Task details
Every line of the listing below should come back exactly as written, with no images.

::: Exercise data

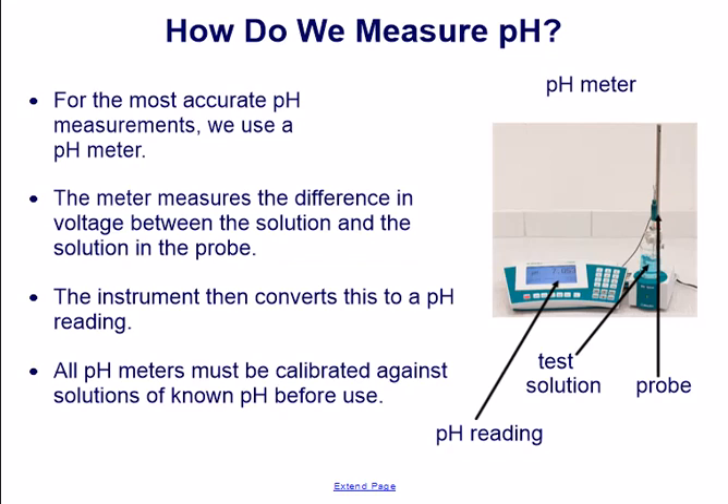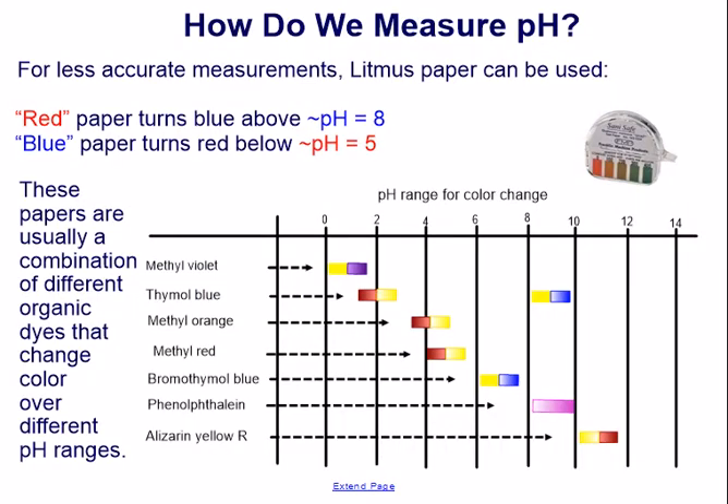All pH meters must be calibrated against solutions of known pH before use. For less accurate measurements, litmus paper can be used. Red paper turns blue above a pH of 8, and blue paper turns red below a pH of 5. These papers are usually a combination of different organic dyes that change color over different pH ranges.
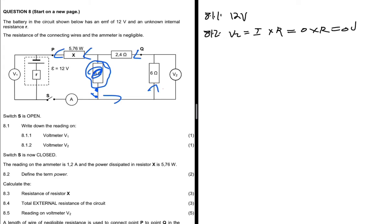For 8.2, switch S is now closed. The ammeter reads 1.2 amps and the power dissipated in resistor X is 5.76 watts. Question 8.2 says: define the term power. Power is the rate at which work is done. This follows from the formula P = W/t.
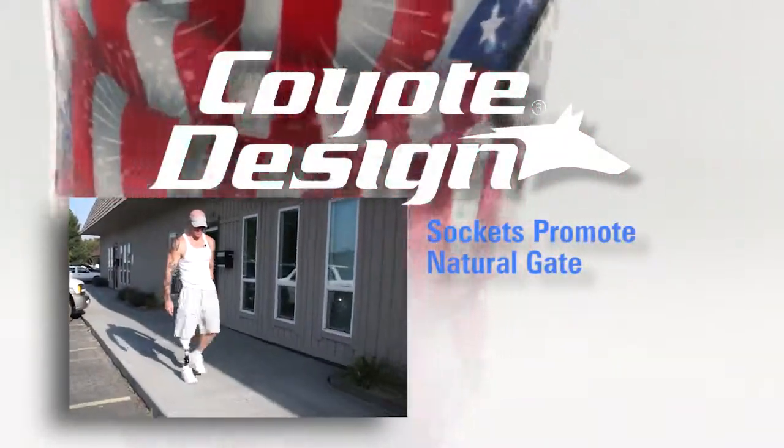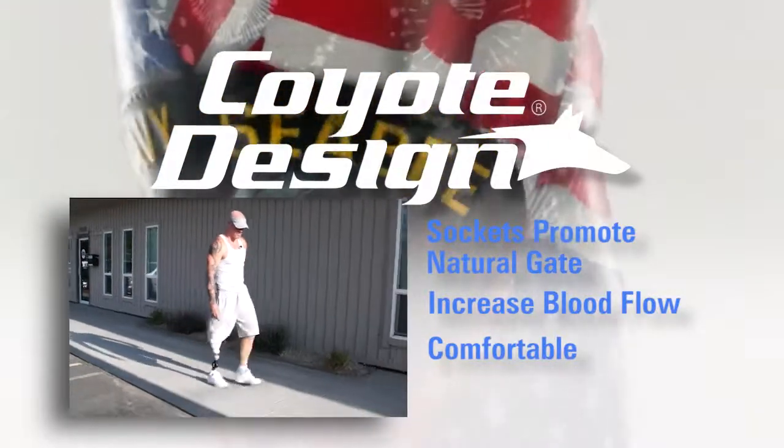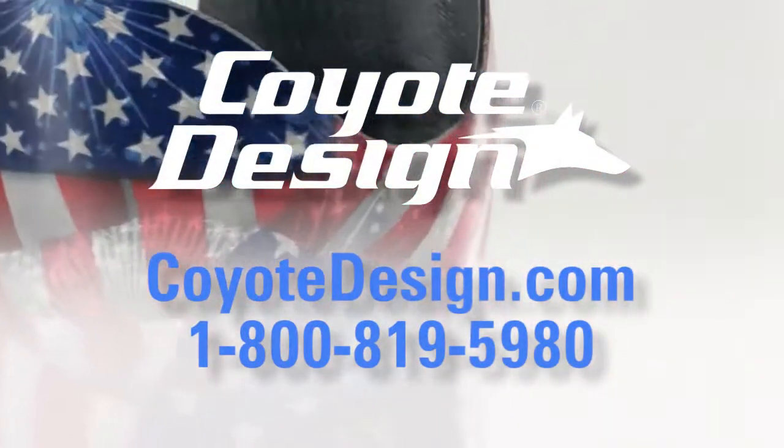You'll find these sockets promote natural gait, increase blood flow, are comfortable to wear even for long periods of time, and are efficient to make. Contact Coyote Design for more information on our informative RCR workshops.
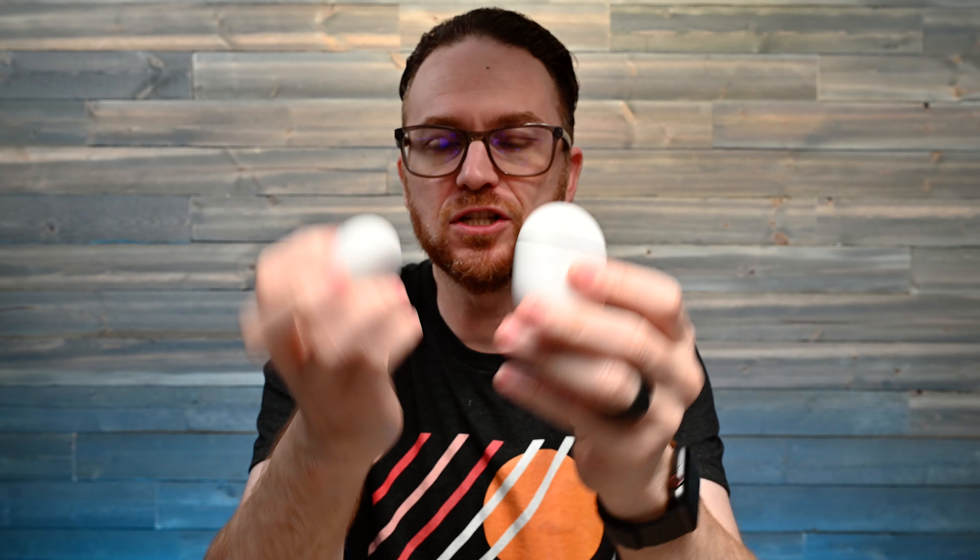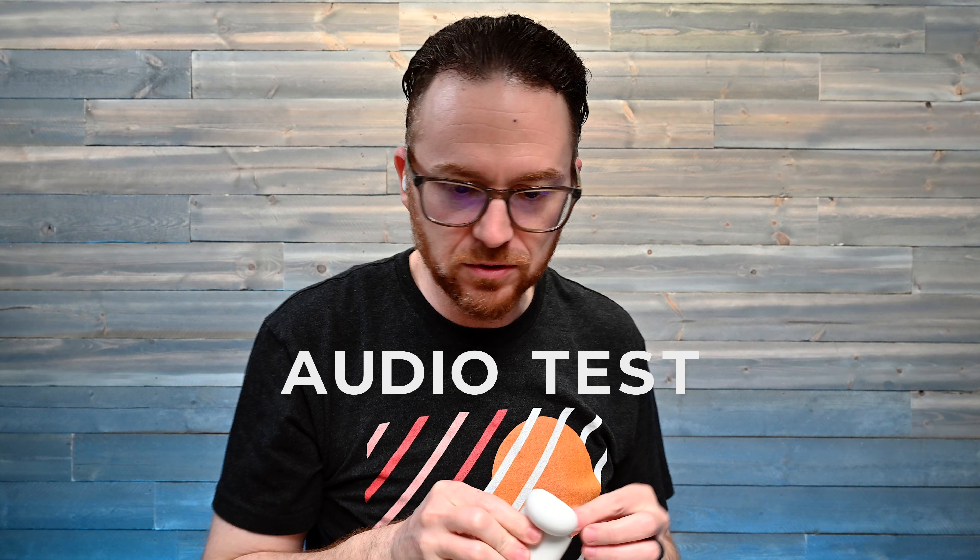The lid is just as good as the original Pixel Buds 2, the OG Bluetooth offering from Google. We're going to do that audio test, the mic test, and the latency test, so why don't we just do that and get it started right now. It is audio test time.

::::::

Answer for the task
All pH meters must be calibrated against solutions of known pH before use. For less accurate measurements, litmus paper can be used. Red paper turns blue above a pH of 8, and blue paper turns red below a pH of 5. These papers are usually a combination of different organic dyes that change color over different pH ranges.
For 8.2, switch S is now closed. The ammeter reads 1.2 amps and the power dissipated in resistor X is 5.76 watts. Question 8.2 says: define the term power. Power is the rate at which work is done. This follows from the formula P = W/t.
You'll find these sockets promote natural gait, increase blood flow, are comfortable to wear even for long periods of time, and are efficient to make. Contact Coyote Design for more information on our informative RCR workshops.
The lid is just as good as the original Pixel Buds 2, the OG Bluetooth offering from Google. We're going to do that audio test, the mic test, and the latency test, so why don't we just do that and get it started right now. It is audio test time.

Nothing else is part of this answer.